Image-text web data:
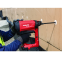 HILTI GX-IE Gazlı Çivi Çakma Tabancası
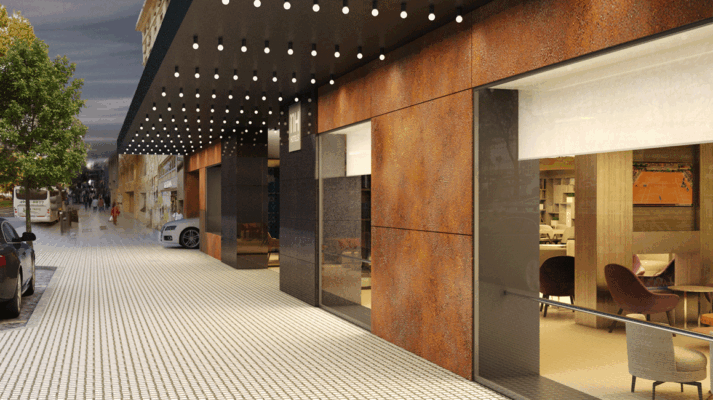 FLB-DISEÑO-&-ARQUITECTURA-DE-INTERIORES-NH-9-DE-JULIO-HOTEL-650-PX-01B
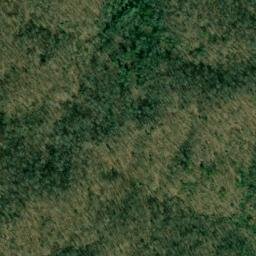 Satellite imagery of Coaling Grounds Ridge, US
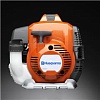 Husqvarna 325HE3 Бензоножницы: Кусторезы Товар УТ000023340 0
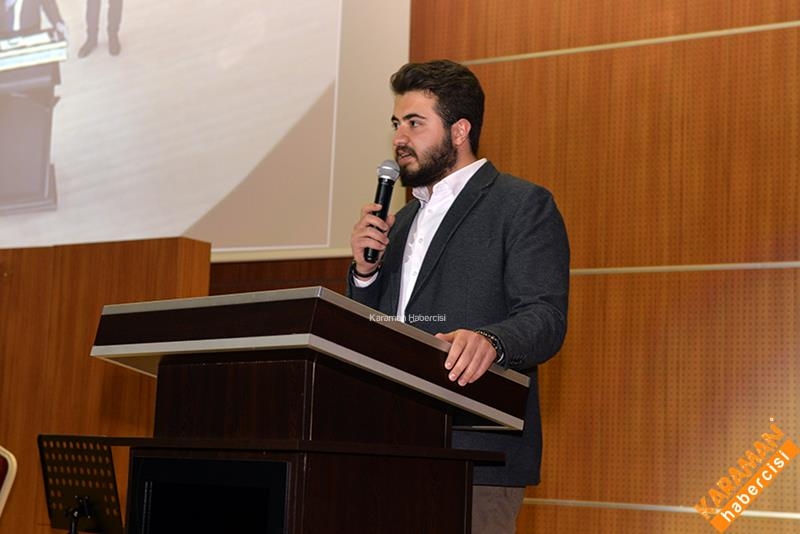 Çanakkale Zaferi Şiir Ve Tiyatro İle Anıldı 2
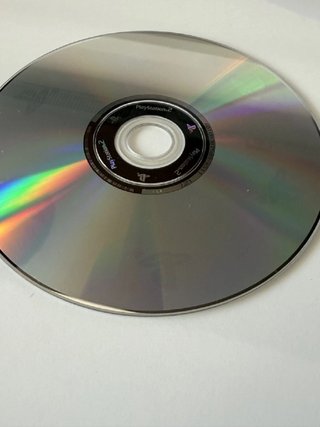 Legends of Wrestling PS2
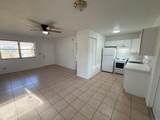 2915 Jackson Street - Photo 13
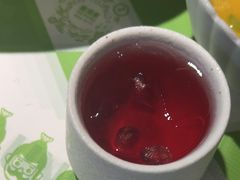-渔语鱼酸菜鱼新川菜(来福士店)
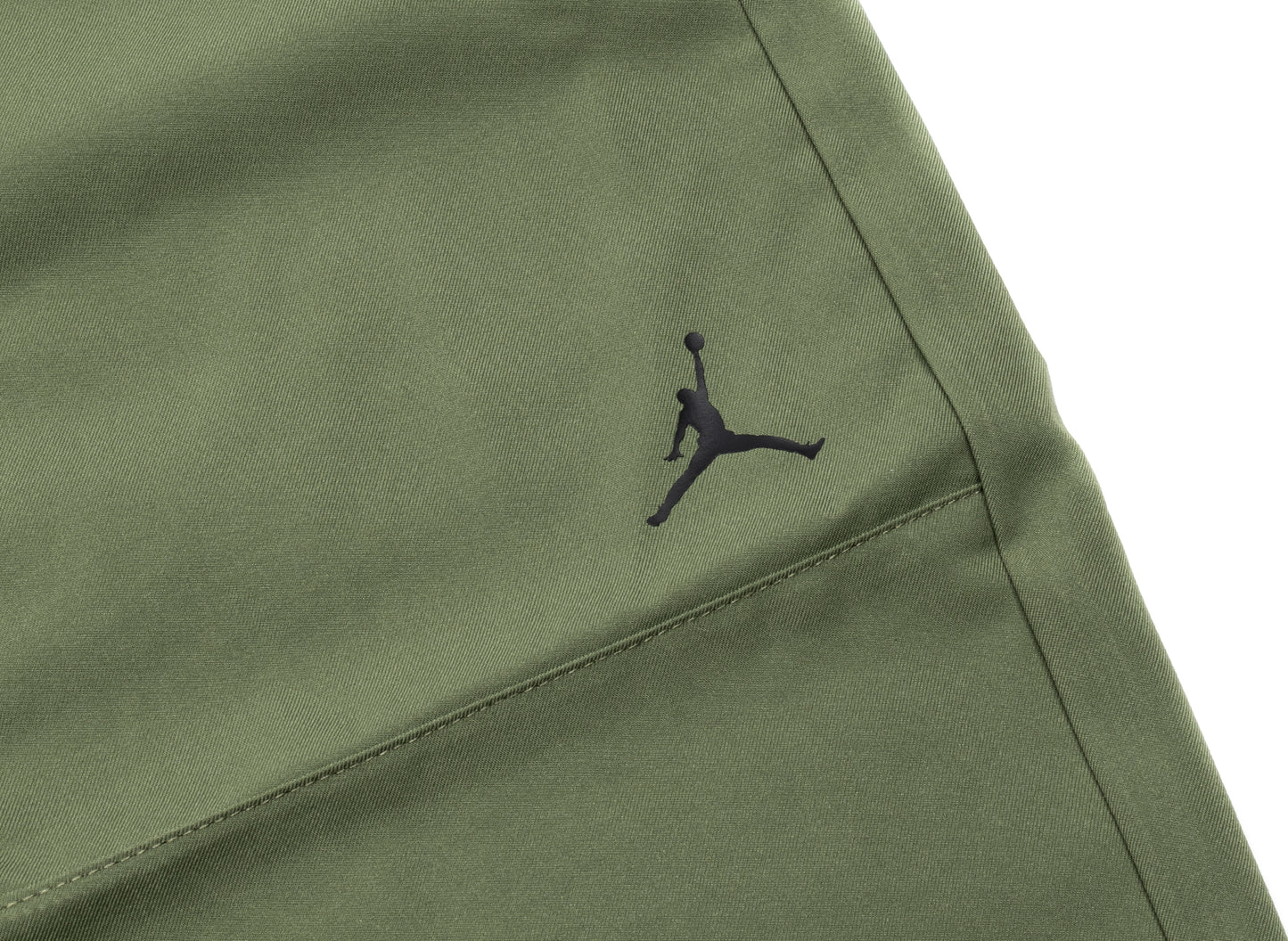 Women's Jordan Woven Core Pants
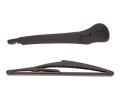 MAXGEAR Stra-sada, itn oken ‐ MXG 39-0417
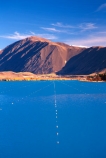 lakes;mountains;hill;hills;blue;course;rowing-course;lanes;colour;color;beauty;scenic;landscape;natural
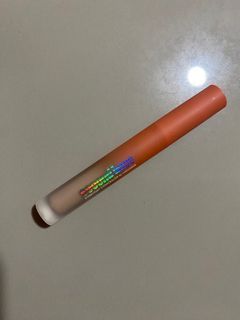 Colourette Second Base Concealer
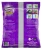 Import Sponge Wipes from Pakistan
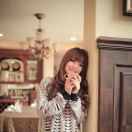莹_p7Kw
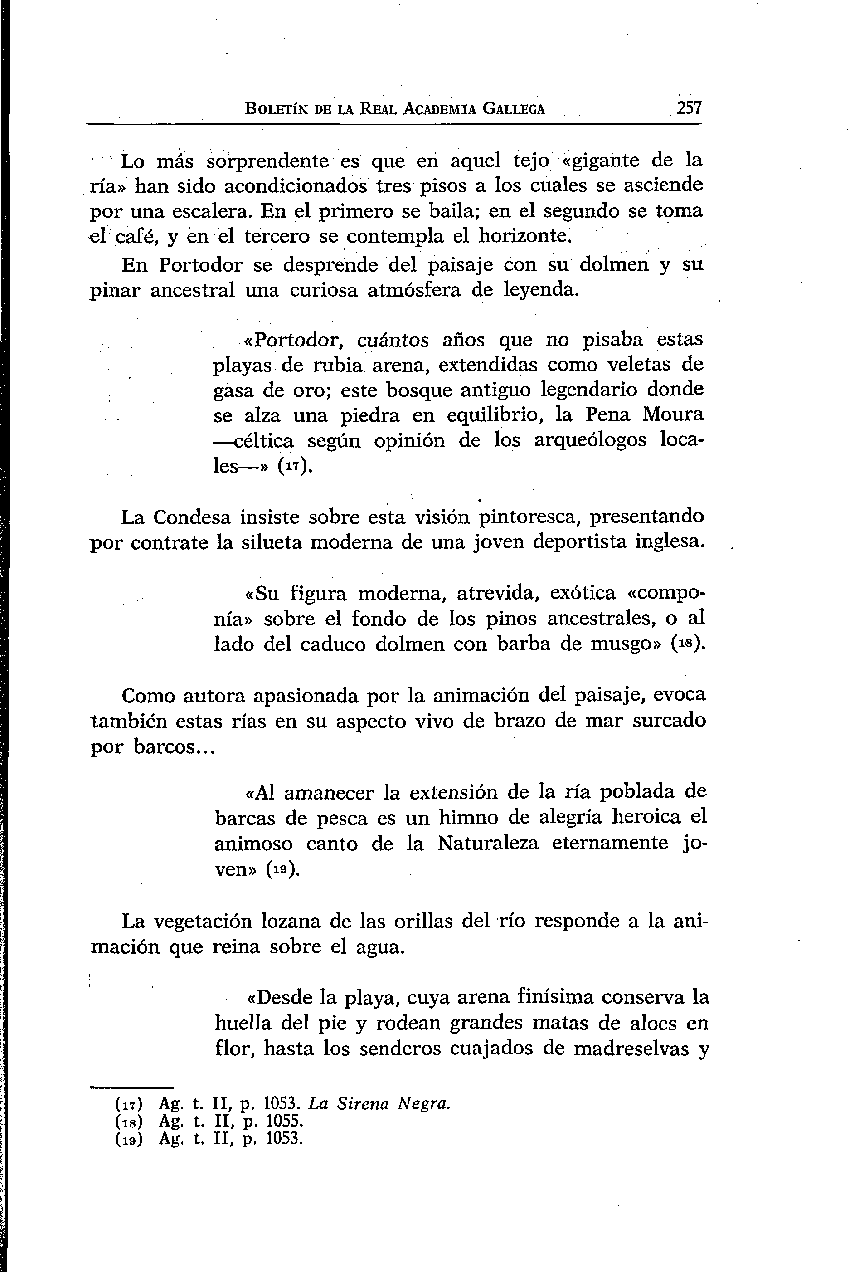 folla de libro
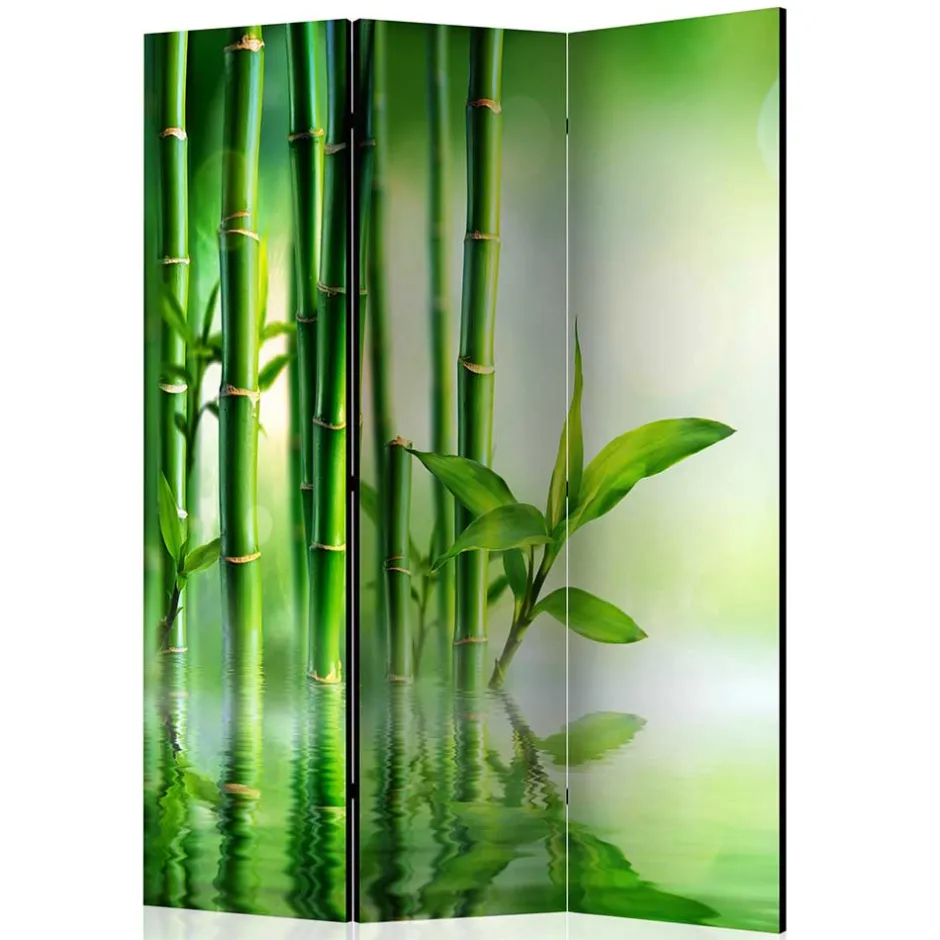 Paravents|Raumteiler*Pharao24 Paravent Raumteiler Vecchio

§ WHAT YOU SHOULD DO: The output has to match the data above line for line, except that pictures are dropped.

§ WRITTEN ANSWER:
 HILTI GX-IE Gazlı Çivi Çakma Tabancası
 FLB-DISEÑO-&-ARQUITECTURA-DE-INTERIORES-NH-9-DE-JULIO-HOTEL-650-PX-01B
 Satellite imagery of Coaling Grounds Ridge, US
 Husqvarna 325HE3 Бензоножницы: Кусторезы Товар УТ000023340 0
 Çanakkale Zaferi Şiir Ve Tiyatro İle Anıldı 2
 Legends of Wrestling PS2
 2915 Jackson Street - Photo 13
-渔语鱼酸菜鱼新川菜(来福士店)
 Women's Jordan Woven Core Pants
 MAXGEAR Stra-sada, itn oken ‐ MXG 39-0417
 lakes;mountains;hill;hills;blue;course;rowing-course;lanes;colour;color;beauty;scenic;landscape;natural
 Colourette Second Base Concealer
 Import Sponge Wipes from Pakistan
莹_p7Kw
 folla de libro
 Paravents|Raumteiler*Pharao24 Paravent Raumteiler Vecchio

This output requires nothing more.